Слово – вещь – мир: от Пушкина до Толстого (страница 4)

Страница 4

Вещь во вселенной Гоголя

1

Изображенная в литературе вещь, природный или рукотворный предмет – феномен, сопоставимый с изображенным событием или человеком. Но если последние никогда не считались точным слепком с явлений действительных, то с вещью художественного произведения, с художественным предметом было иначе. В эпоху позитивизма и постпозитивизма (еще более длительную) под влиянием положительных наук (из гуманитарных к ним можно отнести археологию и историю материальной культуры) утвердилось отношение к художественному предмету как к прямому представителю прошлых и настоящих культур. В эстетике и теории литературы он стал пониматься как познавательный, несущий вещную информацию об эпохе, а применительно к конкретному произведению – об обстановке, о ситуации, фоне действия и т. п. Художественный предмет предстает как явление чрезвычайно близкое и едва ли не тождественное предмету эмпирическому; отсюда в критике и литературоведении требование точности реалий как едва ли не главное.
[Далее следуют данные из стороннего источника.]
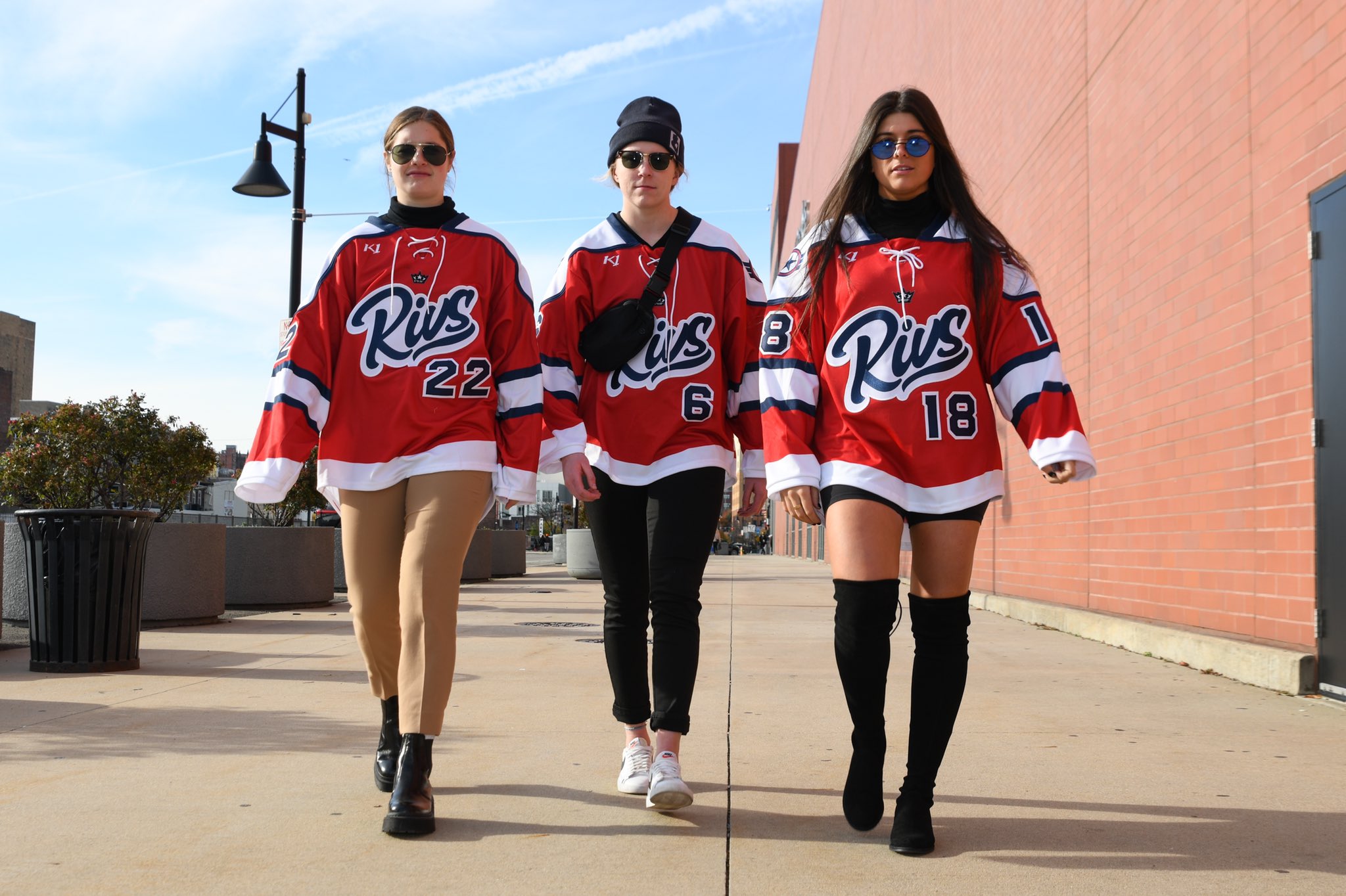 Metropolitan Riveters on Twitter "ROLLING UP IN OUR REDS 🔥…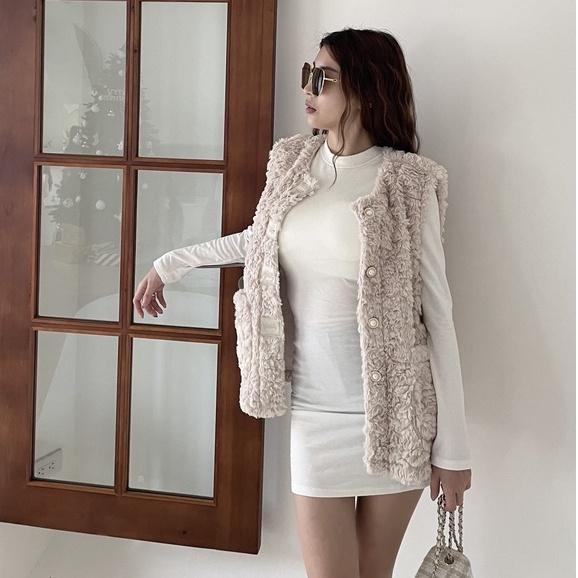 【DOE.FF】棉花糖毛毛質感背心外套｜現貨｜保暖外套 夾克 馬甲外套 毛毛外套 水貂毛 大衣女 厚外套 秋冬外套 女裝-細節圖3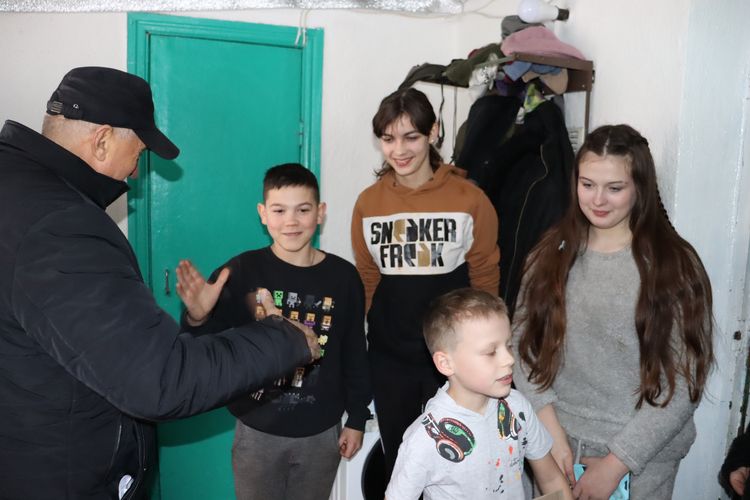 Міський голова відвідав багатодітні родини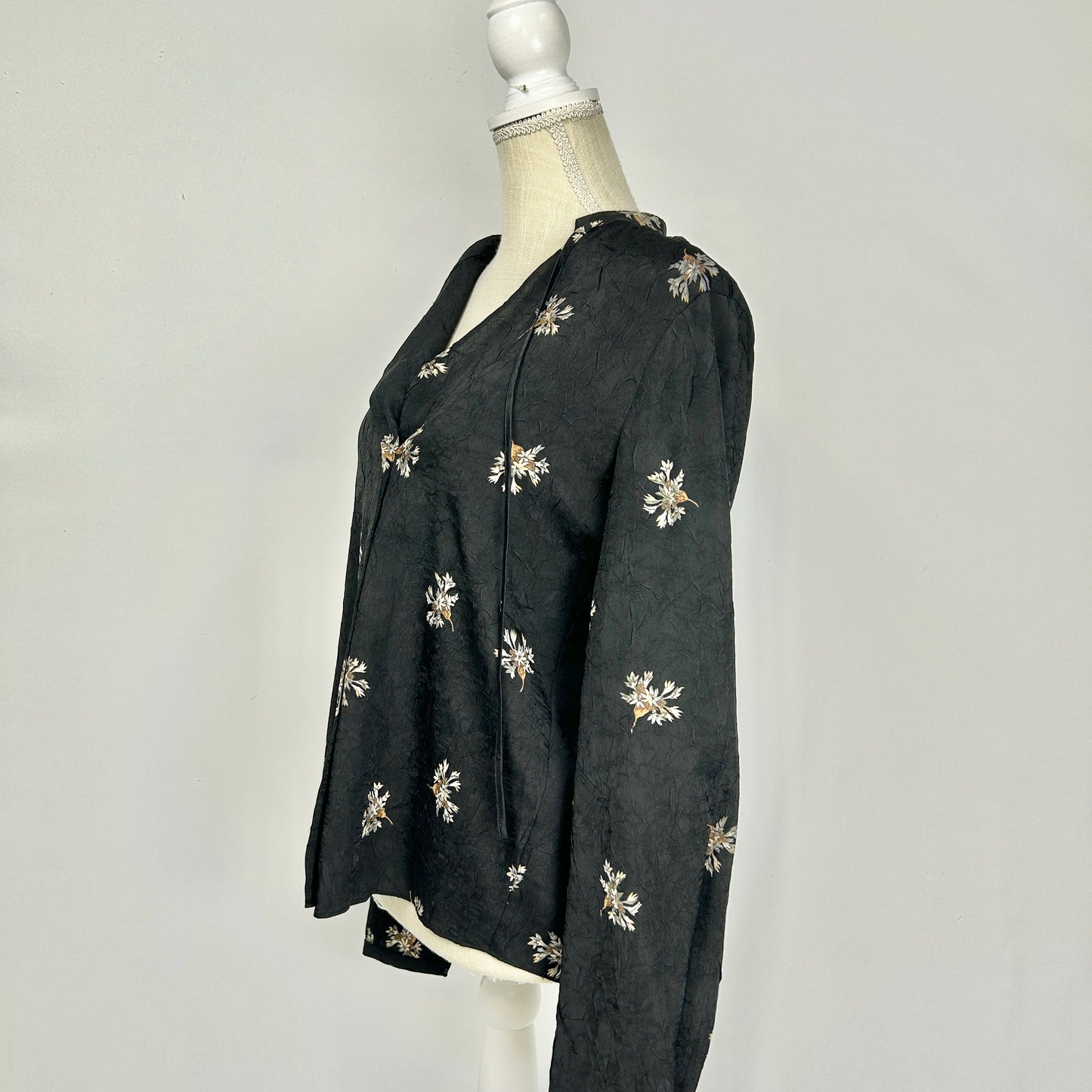 S Vince Black Dainty Floral Print Tie Neck Pullover Blouse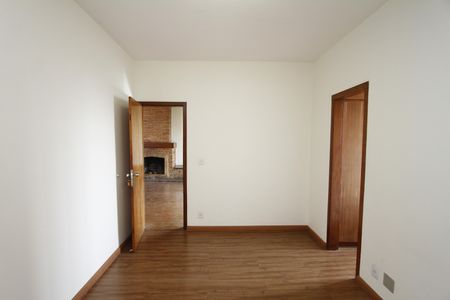 Casa para alugar com 390m², 5 quartos e 4 vagasSuíte 2
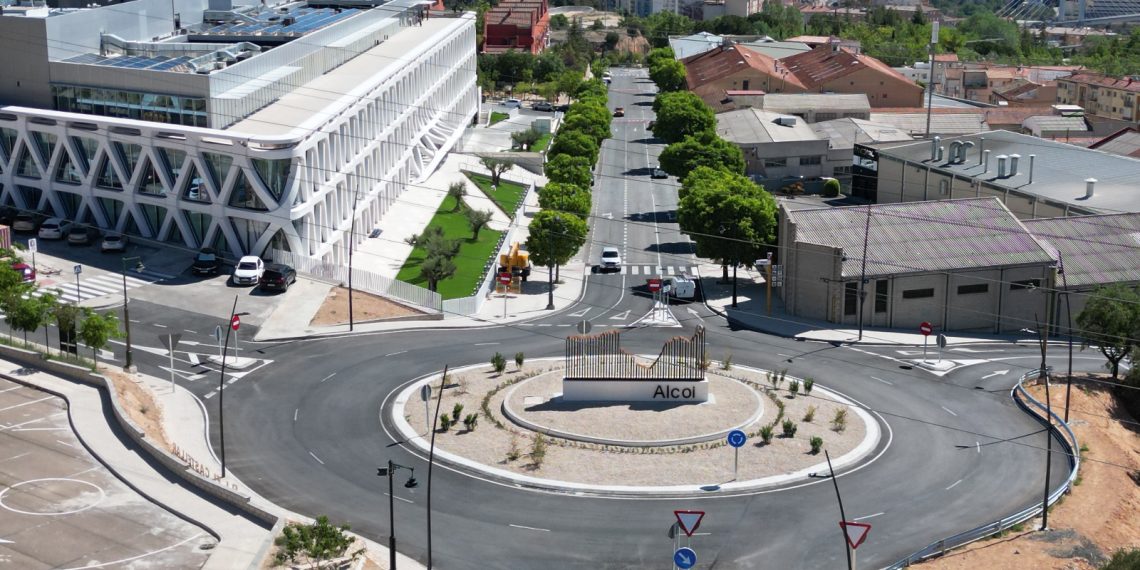 El Consell invertirá 3,3 millones en la modernización de 12 áreas industriales de l’Alcoià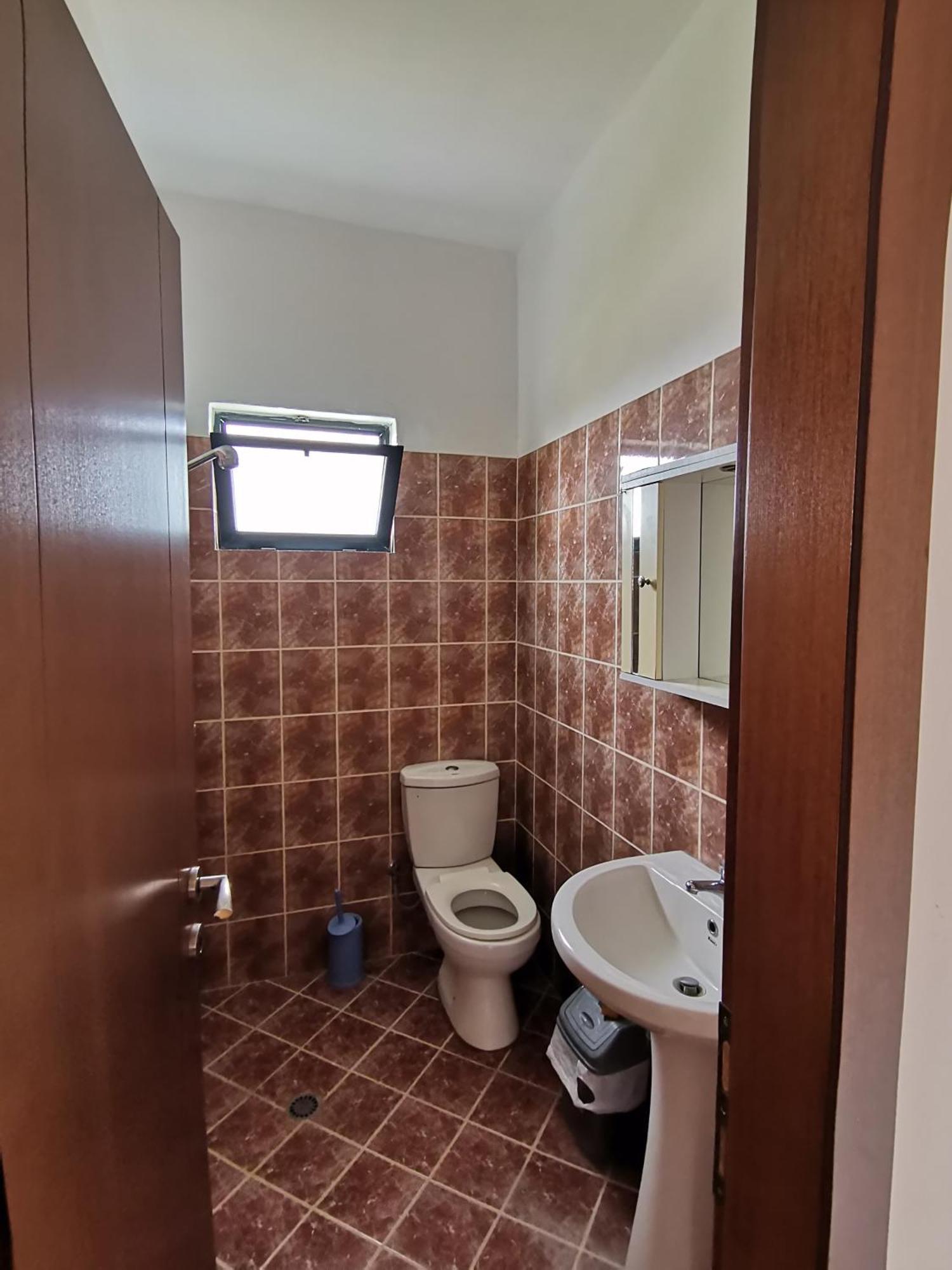 Bora Hotel *
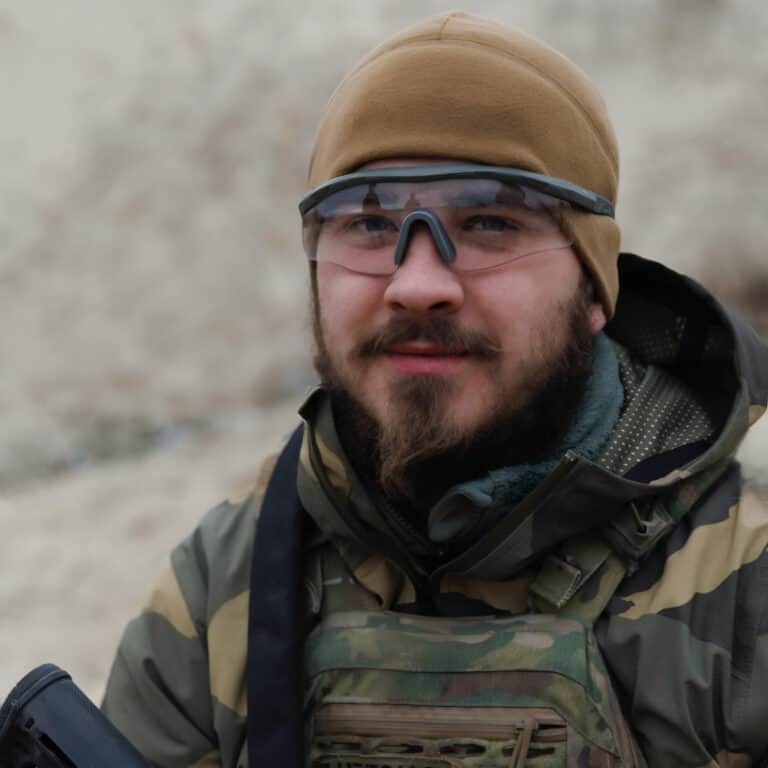 Хотел деблокировать родной Мариуполь: почтим память военного Виктора Хетчикова, погибшего в Донецкой области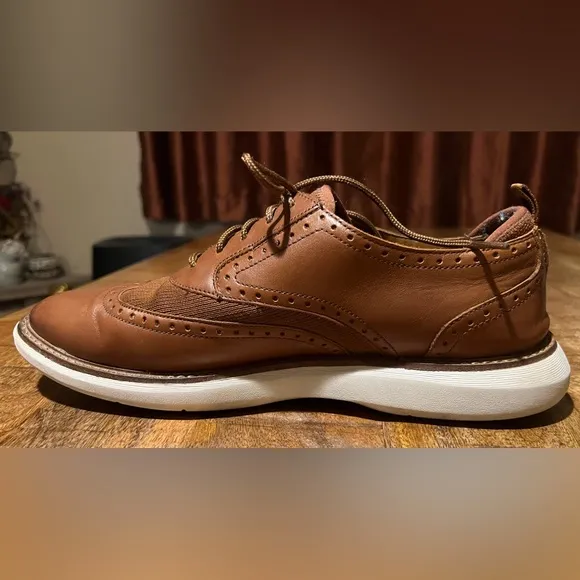 Clarks Mens Brantin Wing Brown Leather Casual Oxford Sneaker Shoes Sz 10 M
Но художественный предмет, как и любой другой элемент мира писателя, прежде всего носитель качествования художественной системы, воплощающий в себе ее главные свойства, а уж затем выполняющий все другие задачи, в том числе и реальномировоспроизводящую.

Художественный предмет имеет непрямое отношение к вещам запредельной ему действительности. Он феномен «своего» мира, того, в который он помещен созерцательной силою художника. Вещный мир литературы – коррелят реального, но не двойник его. Разумеется, художник использует эмпирические предметы – ничто другое ему не преднесено. Но они – лишь своеобразный первичный продукт, исходное сырье. «Искусство должно прежде всего поглотить предмет, переработать его и затем представить в новом виде, параллельном, если хотите, с материалами, из которых оно почерпнуло свою задачу, но нисколько с ними не схожем» [34].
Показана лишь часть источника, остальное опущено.